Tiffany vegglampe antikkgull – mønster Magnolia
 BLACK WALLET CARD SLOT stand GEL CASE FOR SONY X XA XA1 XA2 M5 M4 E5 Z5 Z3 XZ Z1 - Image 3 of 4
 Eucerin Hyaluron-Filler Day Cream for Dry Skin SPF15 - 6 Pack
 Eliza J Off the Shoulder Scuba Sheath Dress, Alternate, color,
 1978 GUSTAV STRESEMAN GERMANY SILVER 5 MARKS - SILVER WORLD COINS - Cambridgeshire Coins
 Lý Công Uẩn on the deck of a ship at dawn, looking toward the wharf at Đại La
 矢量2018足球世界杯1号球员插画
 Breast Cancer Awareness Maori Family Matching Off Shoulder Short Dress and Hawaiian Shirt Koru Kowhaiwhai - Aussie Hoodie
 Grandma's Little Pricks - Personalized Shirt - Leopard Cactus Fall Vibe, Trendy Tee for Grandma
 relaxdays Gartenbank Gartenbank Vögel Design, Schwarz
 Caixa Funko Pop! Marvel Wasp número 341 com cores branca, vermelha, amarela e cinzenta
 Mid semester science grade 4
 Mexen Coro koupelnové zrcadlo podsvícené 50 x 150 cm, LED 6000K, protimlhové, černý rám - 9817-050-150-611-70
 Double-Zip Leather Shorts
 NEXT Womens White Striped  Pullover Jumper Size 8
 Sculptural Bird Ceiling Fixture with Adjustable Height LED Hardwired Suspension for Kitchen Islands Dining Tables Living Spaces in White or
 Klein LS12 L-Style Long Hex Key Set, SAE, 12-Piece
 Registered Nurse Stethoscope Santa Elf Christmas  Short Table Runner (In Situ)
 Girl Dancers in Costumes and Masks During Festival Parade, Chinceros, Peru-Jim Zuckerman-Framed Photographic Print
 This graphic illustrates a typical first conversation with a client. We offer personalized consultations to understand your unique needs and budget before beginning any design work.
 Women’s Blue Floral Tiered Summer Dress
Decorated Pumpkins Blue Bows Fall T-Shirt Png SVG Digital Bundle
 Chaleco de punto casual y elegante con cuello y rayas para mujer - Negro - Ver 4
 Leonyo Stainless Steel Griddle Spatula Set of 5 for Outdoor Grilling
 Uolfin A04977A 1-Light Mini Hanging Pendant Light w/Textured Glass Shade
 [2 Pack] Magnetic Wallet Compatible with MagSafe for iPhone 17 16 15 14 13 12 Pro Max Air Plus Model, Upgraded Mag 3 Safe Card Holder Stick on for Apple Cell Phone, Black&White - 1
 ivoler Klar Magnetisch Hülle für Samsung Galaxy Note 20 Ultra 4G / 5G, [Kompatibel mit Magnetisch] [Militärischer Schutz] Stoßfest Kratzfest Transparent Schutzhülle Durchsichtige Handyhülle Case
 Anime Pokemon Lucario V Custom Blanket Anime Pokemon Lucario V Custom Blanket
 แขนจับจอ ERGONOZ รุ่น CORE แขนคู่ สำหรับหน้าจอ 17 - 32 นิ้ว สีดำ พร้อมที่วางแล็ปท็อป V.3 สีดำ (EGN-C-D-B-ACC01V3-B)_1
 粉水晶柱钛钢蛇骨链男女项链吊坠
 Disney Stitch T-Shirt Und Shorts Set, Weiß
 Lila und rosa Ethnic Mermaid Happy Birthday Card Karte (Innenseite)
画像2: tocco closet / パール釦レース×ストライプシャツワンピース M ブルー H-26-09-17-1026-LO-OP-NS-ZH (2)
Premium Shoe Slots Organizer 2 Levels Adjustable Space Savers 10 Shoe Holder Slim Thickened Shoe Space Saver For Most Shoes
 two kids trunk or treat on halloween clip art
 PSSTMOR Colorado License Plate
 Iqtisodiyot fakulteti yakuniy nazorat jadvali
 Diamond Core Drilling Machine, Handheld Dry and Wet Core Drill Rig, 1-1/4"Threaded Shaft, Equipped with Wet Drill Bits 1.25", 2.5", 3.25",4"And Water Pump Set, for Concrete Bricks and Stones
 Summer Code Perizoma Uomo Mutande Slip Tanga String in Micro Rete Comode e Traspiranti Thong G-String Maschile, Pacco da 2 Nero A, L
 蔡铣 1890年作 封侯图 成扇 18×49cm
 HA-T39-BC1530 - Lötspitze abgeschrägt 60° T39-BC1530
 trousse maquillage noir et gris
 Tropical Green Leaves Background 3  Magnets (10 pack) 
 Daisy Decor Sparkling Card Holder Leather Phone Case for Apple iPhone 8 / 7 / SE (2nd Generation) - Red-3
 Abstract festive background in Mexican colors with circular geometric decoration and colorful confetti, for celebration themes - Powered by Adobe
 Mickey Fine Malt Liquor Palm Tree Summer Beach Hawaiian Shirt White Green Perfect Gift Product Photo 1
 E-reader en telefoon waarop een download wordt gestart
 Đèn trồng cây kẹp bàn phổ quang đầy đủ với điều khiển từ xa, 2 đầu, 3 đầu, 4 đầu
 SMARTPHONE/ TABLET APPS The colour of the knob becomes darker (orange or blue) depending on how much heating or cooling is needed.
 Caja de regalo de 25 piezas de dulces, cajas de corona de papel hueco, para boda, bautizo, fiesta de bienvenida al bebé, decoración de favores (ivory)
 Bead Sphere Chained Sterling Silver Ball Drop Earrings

Problem details =
Only the lines from the first line of the records through the line containing "Eliza J Off" should be repeated, exactly as they appear.

Answer section =
Tiffany vegglampe antikkgull – mønster Magnolia
 BLACK WALLET CARD SLOT stand GEL CASE FOR SONY X XA XA1 XA2 M5 M4 E5 Z5 Z3 XZ Z1 - Image 3 of 4
 Eucerin Hyaluron-Filler Day Cream for Dry Skin SPF15 - 6 Pack
 Eliza J Off the Shoulder Scuba Sheath Dress, Alternate, color,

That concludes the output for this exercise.